> [Task description] As the output, give exactly the lines that run from the one with "Pet’s 1st Christmas" through the end of the records below, and omit pictures.

> [Data to use]
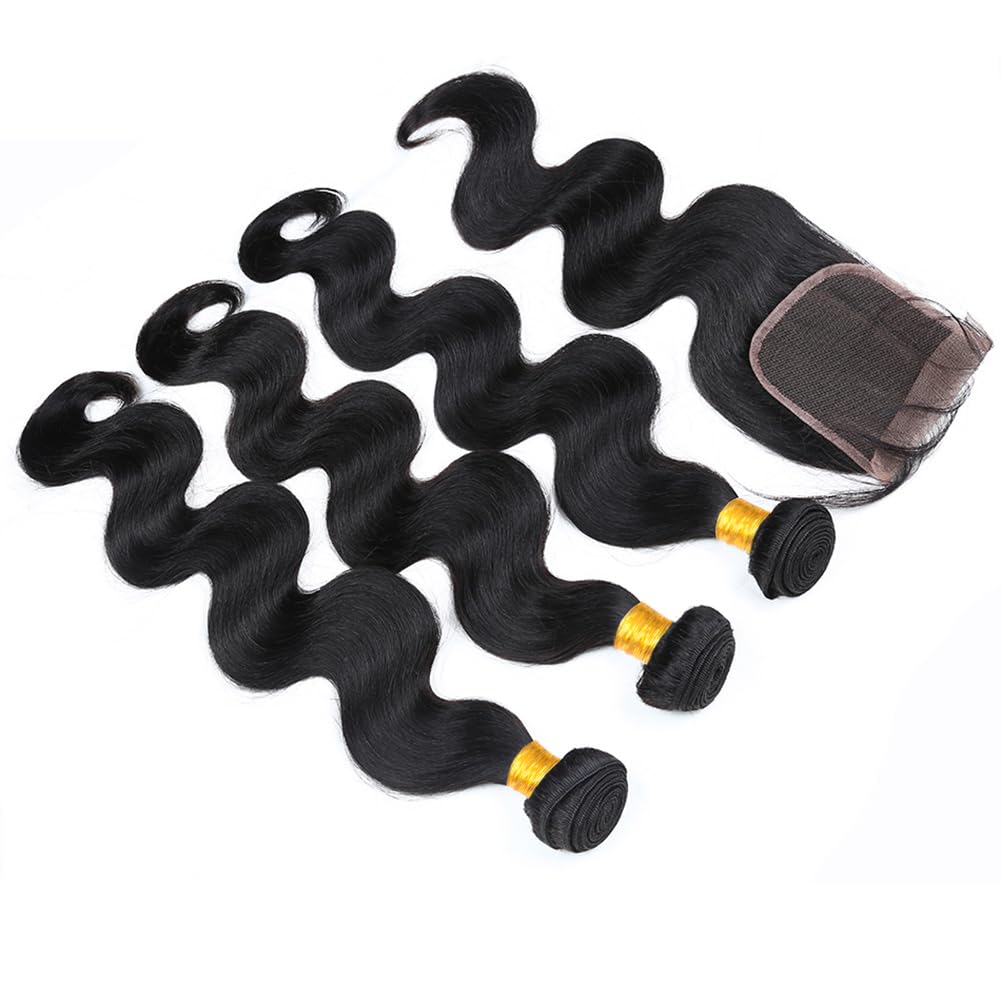 Urshiney Body Wave Human Hair Bundles With Closure for Women Brazilian Virgin Hair Weave Bundles Human Hair Body Wave Free Part 4x4 Lace Closure Natural Black Can Be Dyed 22 24 26+20 Inch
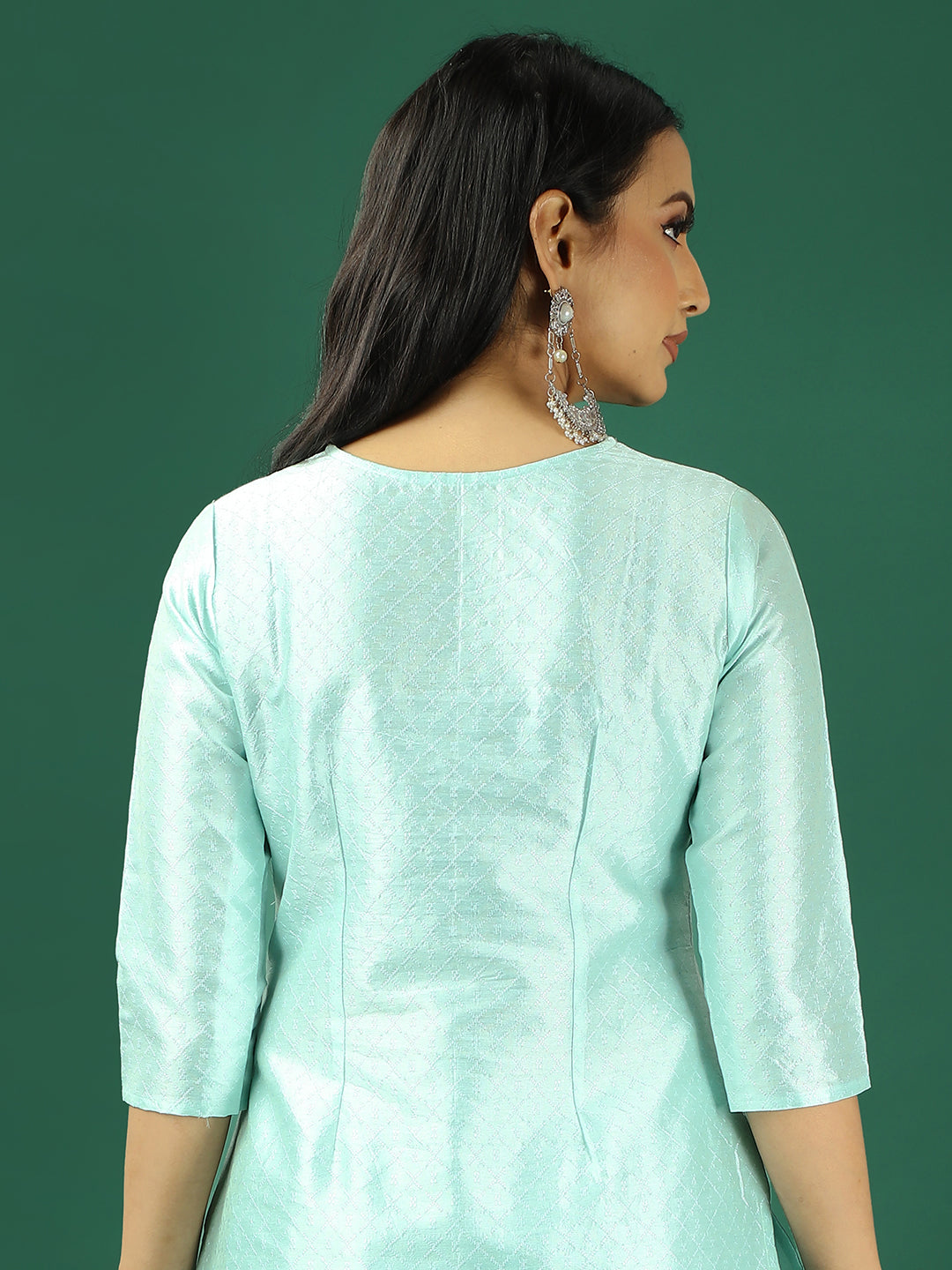 Bollywood Vogue Ready To Wear Sea Green Art Silk Straight Pant Kurta Sets - Detail View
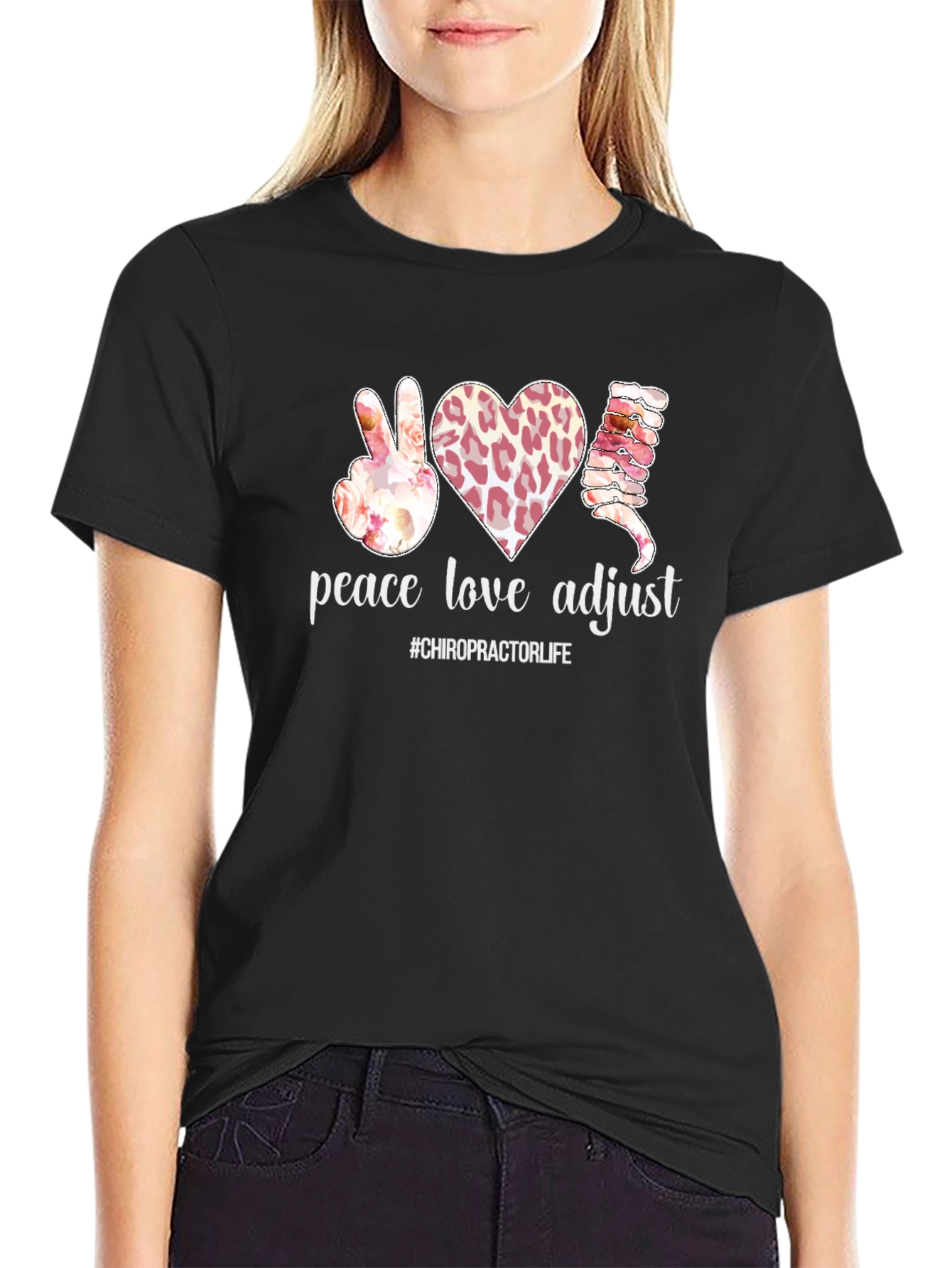 Peace Love Adjust Chiropractic T-Shirt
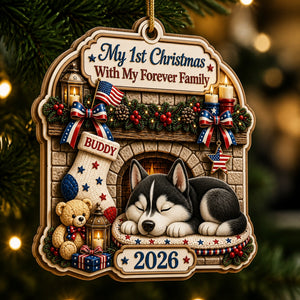 Pet’s 1st Christmas With My Forever Family Ornament – Name & Year - Personalized 3-Layered Wood Ornament 8361730c-f6ad-4b5d-9449-ee3afada5d5d.jpg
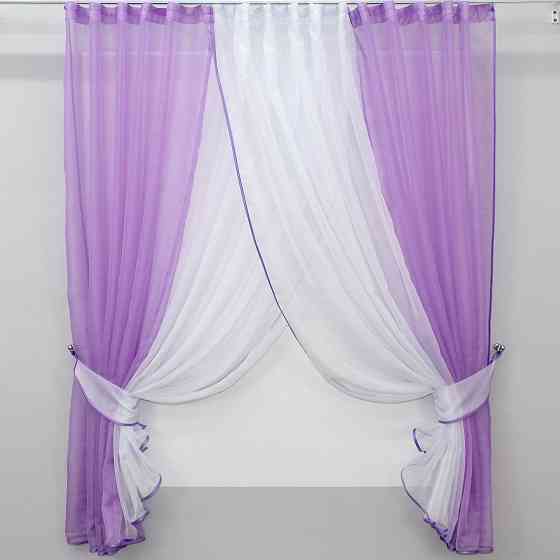 Кухонные шторки VR-Textil № 096к с подвязками сиреневый с белым 400х170 см (50-803) Киев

> [Problem solution]
 Pet’s 1st Christmas With My Forever Family Ornament – Name & Year - Personalized 3-Layered Wood Ornament 8361730c-f6ad-4b5d-9449-ee3afada5d5d.jpg
 Кухонные шторки VR-Textil № 096к с подвязками сиреневый с белым 400х170 см (50-803) Киев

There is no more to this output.